Hawke winced as one of the bandages stuck on a spot of dried blood and pulled at her skin. “I am for the most part. I just want to be in a position that isn’t lying down.”

“Can you roll over onto your side at all? I can help you sit up and get these old bandages replaced completely.”

It took some maneuvering, but a few minutes later Cassandra was upright. Anders went about his task, taking care not to cause her any extra pain. She had to cover her chest with a blanket as he unwound the bloodstained cloth from around her, feeling like a plucked chicken about to be cooked.

“So what did you and the elf talk about last night? I could hear a little bit of conversation from my tent.”

Hawke cocked an eyebrow at her friend. “Nosy and possessive today, aren’t we?”

Anders held up his hand defensively. “Not trying to pry, just curious.”

“I thanked him for saving me and he updated me on how things had gone while I was incapacitated. Nothing too important,” She knew that was a blatant lie, but she was not going to betray Fenris’s trust.

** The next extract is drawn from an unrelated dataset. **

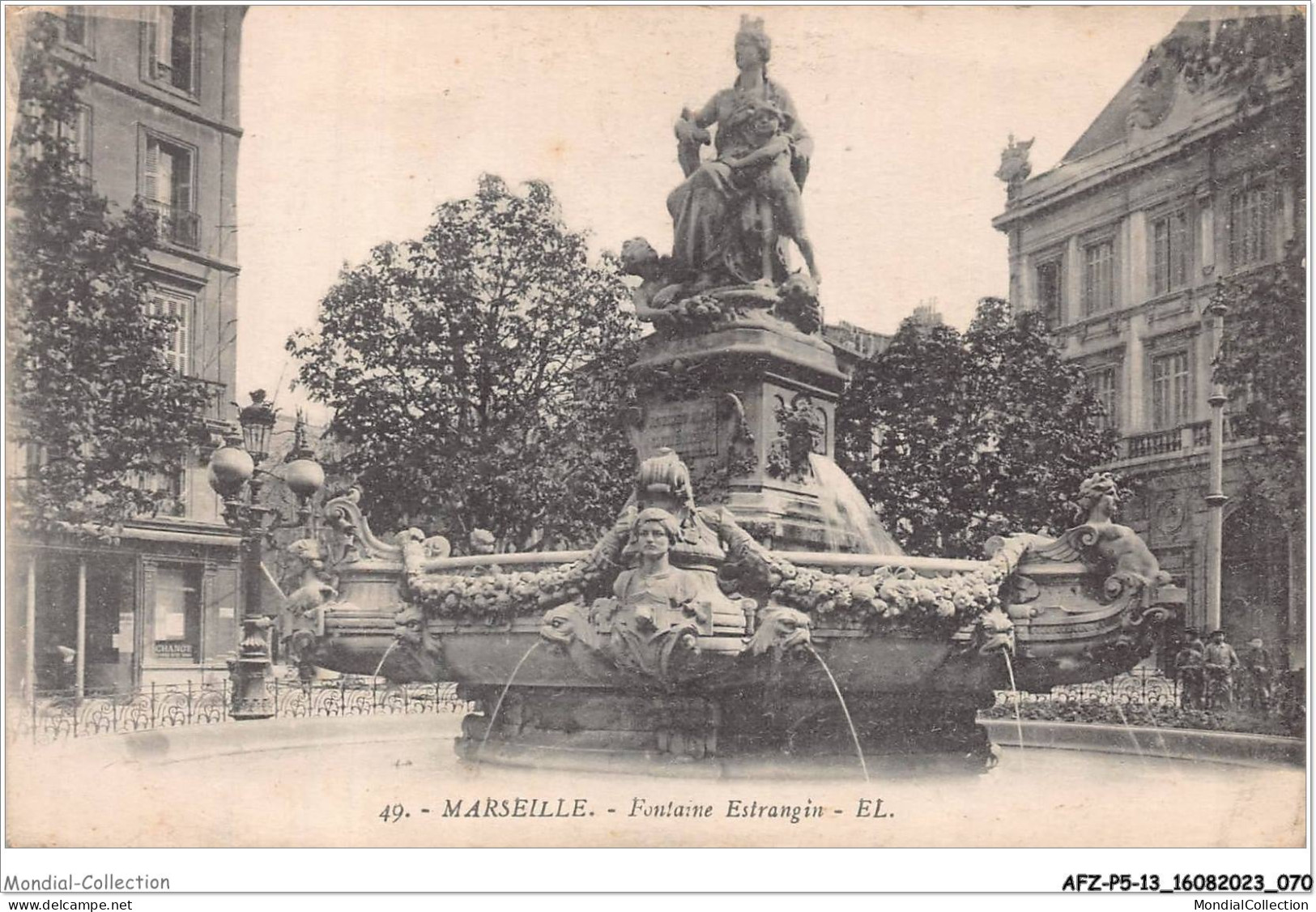 AFZP5-13-0382 - MARSEILLE - Fontaine Estrangin  - Monuments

“Ah, I thought that might have been the case,” Hawke knew _that_ was a lie as well. “I’m just glad you’re back in the land of the living.” Anders removed the last strip of bandage and paused, surveying her back. His fingers felt cool against her skin when he traced the pattern of the wound, siphoning a small amount of healing magic into it as he went.

Cassandra could tell the general shape of the mark left behind by the dragon. Three long, narrow gashes with ragged edges that were deeper than they appeared. She laughed bitterly. “Now how am I going to find a nice husband? Nobody wants a woman with horrible, disfiguring scars.”

Anders raised his eyebrows. “Are you in the market for a husband? I wouldn’t have pinned you for the type.”

“Maker’s breath, not a chance,” Hawke replied. “I’m too fond of danger for a homestead and children to be viable. Besides, odds are my children would be mages… The gift runs strong in my bloodline.”

“I don’t blame you for avoiding it then,” Anders’ face darkened. “Your father may have been able to raise apostates in Lothering, but it would be bloody impossible in Kirkwall.”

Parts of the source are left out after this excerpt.